Agreed. And here are some prima facie FAQs for allaying each of these by now familiar prima facie fears:

Authentication

Corruption

Certification

Evaluation

Peer Review

Copyright

Plagiarism

Priority

Tenure/Promotion

Legality

Publisher Agreement

RC: "Including published material in the repository will also help overcome concerns, especially from scholars in non-preprint disciplines, that repository working papers might give a partial view of an author's research."

Indeed. And that is the most important message of all -- and the primary function of institutional eprint archives: to provide open access to all peer-reviewed research output!

RC: "Therefore, including published material, while raising copyright issues that need to be addressed, should lower the barrier to gaining non-preprint traditions to participate. Where authors meet traditional publisher resistance to the self-archiving rights necessary for repository posting, institutions can negotiate with those publishers to allow embargoed access to published research."

Fine.

RC: "While gaining the participation of faculty authors is essential to effecting an evolutionary change in the structure of scholarly publishing, early experience suggests better success when positioning the repository as a complement to, rather than as a replacement for, traditional print journals."

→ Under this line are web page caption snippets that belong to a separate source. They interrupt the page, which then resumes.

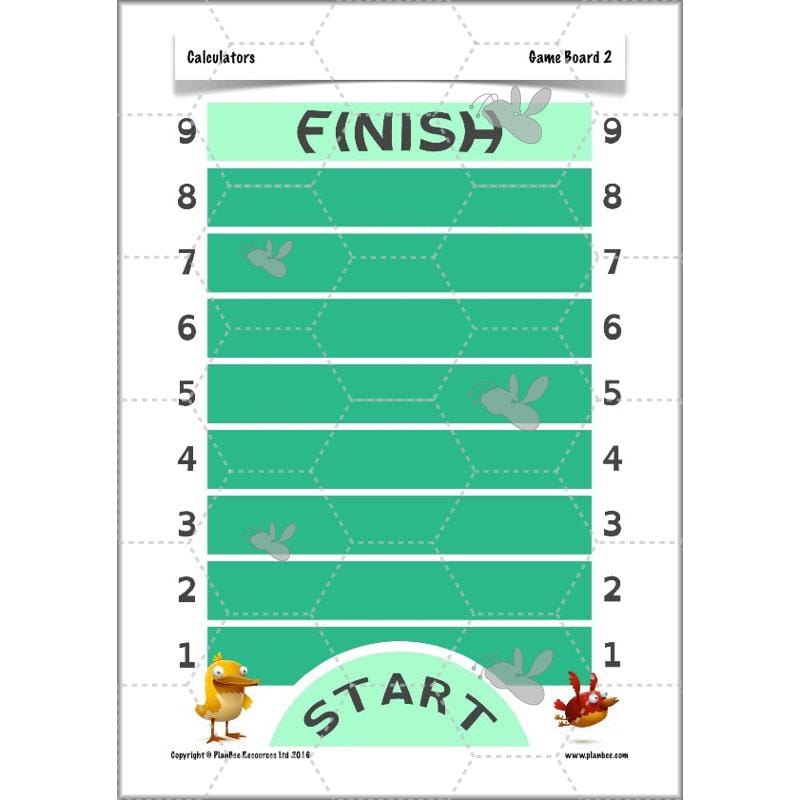 PlanBee Calculators - Year 6 Complete Maths Planning and Resources by PlanBee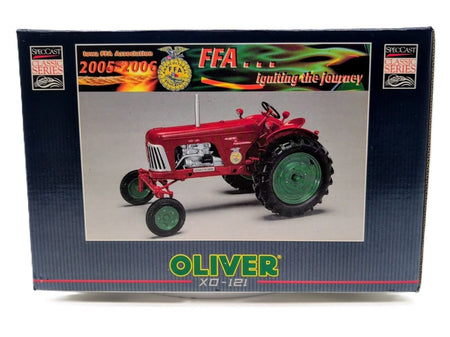 1/16 Oliver XO-121 Experimental Tractor, 2006 Iowa FFA - Farm Toy Tractor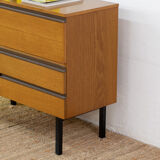 Vintage Scandinavian Chest of Drawers – 100 cm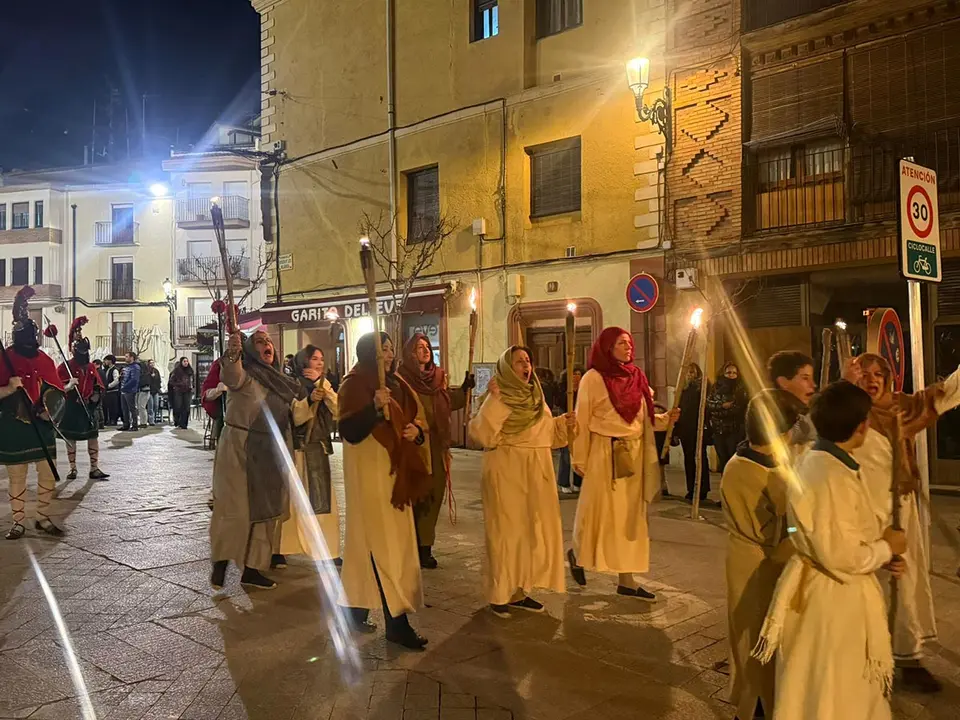 &Aacute;greda Prendimiento de Jes&uacute;s 1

Not only "positioning" it as a complement: Clearly proclaiming that a complement, not a replacement, is exactly what it is! Not just with respect to the relatively trivial issue of on-paper vs. on-line, but also with respect to the much more fundamental one, about journal peer review (vide supra). Institutional self-archiving is certainly no substitute for external peer review. (This is is stated clearly in some parts of the SPARC paper, but unfortunately contradicted, or rendered ambiguous, in other parts.)

RC: "This course partially obviates the most problematic objection to open access digital publishing: that it lacks the quality and prestige of established journals."

This is a non-sequitur and a misunderstanding: The quality and prestige come from being certified as having met the quality standards of an established peer-reviewed journal. This has nothing whatsoever to do with the medium (on-paper or on-line), nor with the access system (toll-access or open-access); and it certainly cannot be attained by self-archiving unrefereed preprints only. The papers must of course continue to be submitted to peer-reviewed journals for refereeing, revision, and subsequent certification.

RC: "This also allows repository proponents to build a case for faculty participation based on the primary benefits that repositories deliver directly to participants, rather than relying on secondary benefits and on altruistic faculty commitment to reforming a scholarly communications model that has served them well on an individual level."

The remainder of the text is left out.